With great effort, Margaret prises her eyes open. An eerie light is piercing her blinds, and her bedside table is shaking violently. She manages to squint and just about register her jittering alarm clock before it dances off the side and crashes to the floor: 3:30 am. Mustering the courage to squint through her blinds, she sees, and suddenly, enveloped with dread, she understands. A horde of dark shadows, moving ever closer. The light begins to flash now, faster and faster, resembling a warning light, or a strobe. Rise of the Valkyries inexplicably starts playing from her tinny radio, and then, over the swelling crescendo, she hears those hallowed words: ‘DOOWN IT FRESHHEEER!’
Yep, get to the bomb shelters unsuspecting residents, it’s that time of year again! The time of year where young people all over the country get to embrace new levels of academic rigour, finally discovering like-minded minds to discuss hermetic intricacies with over a game of chess and a nice cup of tea. Or, perhaps more typically, finally discovering like-minded minds to bellow 90’s pop songs down suburban streets at half three in the morning over dangerously cheap Sambuca shots.
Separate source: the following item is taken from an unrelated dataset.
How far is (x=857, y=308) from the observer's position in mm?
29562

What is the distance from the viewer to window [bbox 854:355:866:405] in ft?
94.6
The freshers have arrived, and, as always, they have graciously invited street furniture along for the ride. Though it’s not just the traffic cones; it seems that this year wheelie bins are getting in on the action. The Lincolnshire echo reports that barely a week after thousands of students arrived in Lincoln for the start of the academic year, locals have been ‘plagued by students chariot racing with empty wheelie bins.’ One of the students in question recently proclaimed that this is merely a noble if slightly abstract effort to drag the Oxford boat race into the 21st century, but to be fair he was a pretty pissed at the time.
Some residents of Lincoln have started the ‘Shush’ campaign, hoping to reintroduce ‘silent nights’ to the area, but these efforts have been branded a waste of time. Many residents now enjoy putting the early hours in which they are awake to good use, by reflecting contentedly on the spiralling debt and dire housing prospects these young folk will one-day have to face, before laughing diabolically and sticking the kettle on.